Now, some may say that pursuing excellence in every area of life is non-realistic; at best, we should concentrate our pursuit in one area. I disagree. It is certainly unrealistic to believe that we will be (or are) excellent in every area. I nonetheless posit that excellence is always the goal toward which we should strive, at least in what I consider the four most important areas of our lives – spiritual, familial, relational, and professional.
Interestingly enough, a study conducted a few years ago by Dr. Richard H. Bube, a professor at Stanford University, concluded that pursuing excellence in only one area can actually result in “negative excellence” in other areas. Dr. Bube defined “negative excellence” as a major failure that resulted in damage both to the person and to others dependent upon the person.
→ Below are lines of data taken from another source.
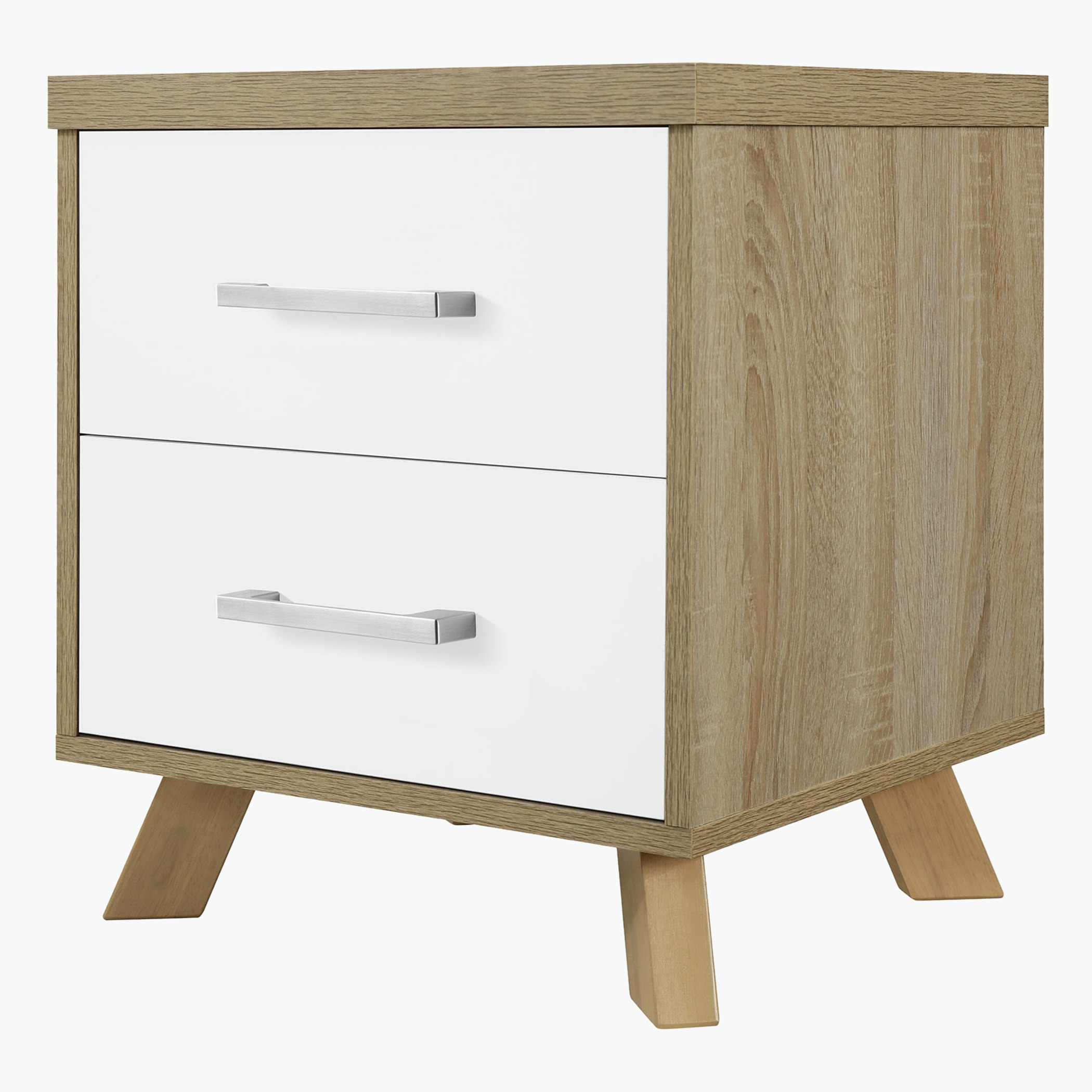 Helsinki 2-Drawer Nightstand-PROMO_HB_AE_HBX10_TH1000_NEW_031025-image-2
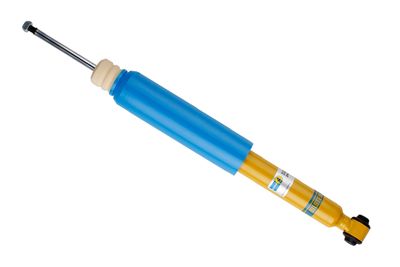  24273039 BILSTEIN Амортизатор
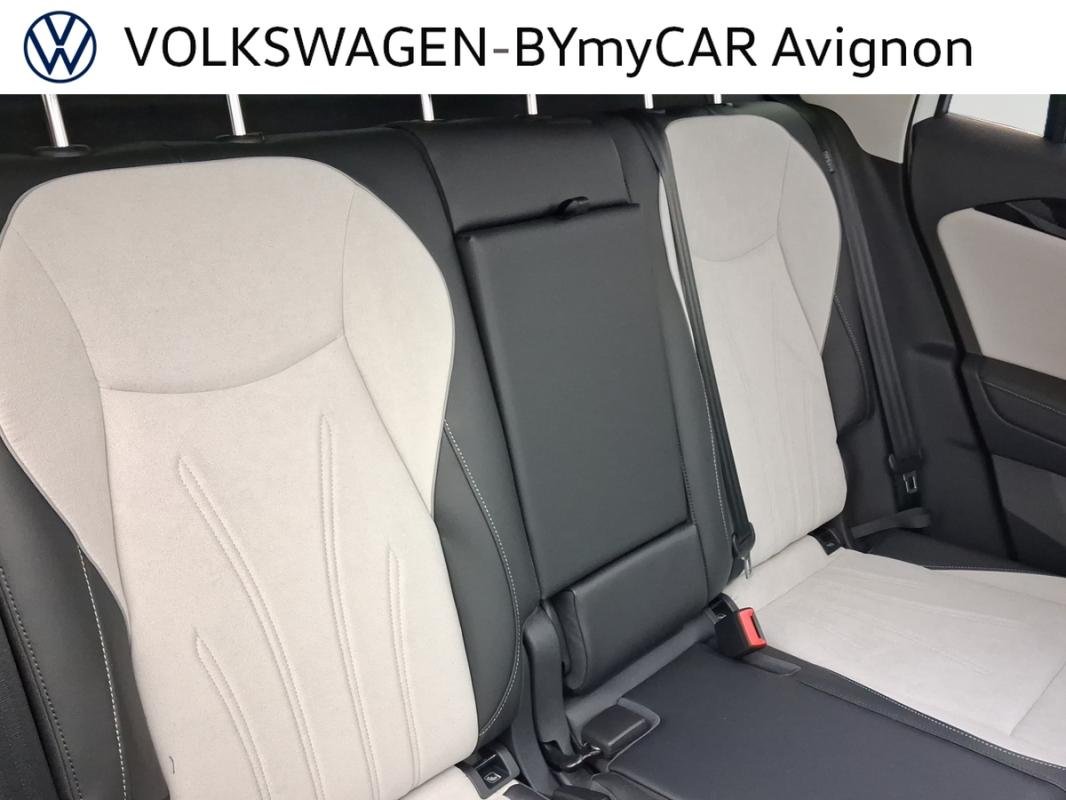 Volkswagen Tiguan - Photo 27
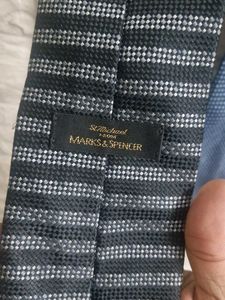 Stylish Men&#39;s Ties (Set of 3)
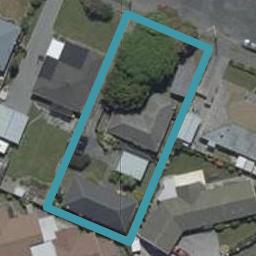 1/29 Bentley Street, Russley, Christchurch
For example, when a person pursues professional excellence without also pursuing spiritual, familial, and relational excellence, that person will likely experience damage in one or more of these latter areas. Concomitantly, others, namely those dependent upon the person, will likely suffer, too. While, in this example, the person’s level of professional excellence may surpass that of professional peers, this will likely come at significant cost in these other, more important areas of their life.
EXCELLENCE IS DIFFICULT
Pursuing excellence in each of these important areas of life is something that is easier said than done. Let’s be honest, we humans aren’t naturally excellent at anything, let alone things that matter. Thus, we have to continually work our way toward excellence. Pursuing excellence is a persistent, life-long, and sometimes lonely task that requires effort, commitment, and sacrifice.
Pursuing excellence can sometimes grow wearisome. We can sometimes get discouraged and begin wondering if our effort, commitment, and sacrifice have actually worked against us. It is in those times that we have to push such doubts out of our minds, and hold on to the words of the Apostle Paul: “Let us not become weary in doing good, for at the proper time we will reap a harvest if we do not give up” (Galatians 6:9, NIV).
MEDIOCRITY IS EASY
The antithesis of excellence, mediocrity, is always easier to pursue. Doing just enough to get by, and nothing more, requires little, if any, effort. It certainly does not require commitment or sacrifice. Yes, there may be times when a person may actually reap some benefit from their mediocrity, but I believe any such benefit will be short lived, non-fulfilling, or both.
In the long run, the persistently mediocre will reap what they’ve sown – spiritual mediocrity, familial mediocrity, relational mediocrity, and professional mediocrity. Emptiness epitomized.
DON’T BE A LAMEWAD
I don’t want to be a man who spends his life pursuing mediocrity. Nor do I want to be a man that pursues excellence in one area of my life only to suffer in other areas. I want to pursue excellence in at least the most important areas of my life. Yes, this may come with a cost – I may not achieve the same level of excellence in one area as my peers who are solely concentrating on this same area. But, it will also come with a benefit – I will achieve higher levels of excellence in all of the other areas of my life that these same peers will not, while simultaneously avoiding the impact of “negative excellence.”
Any lamewad can pursue mediocrity. Any lamewad can give less than their best, less than their finest. Any lamewad can settle for a C minus. That’s easy.
I don’t want to be a lamewad. I hope and pray that you don’t, either.
 I will expound on what I mean by excellence in each of these areas in later posts.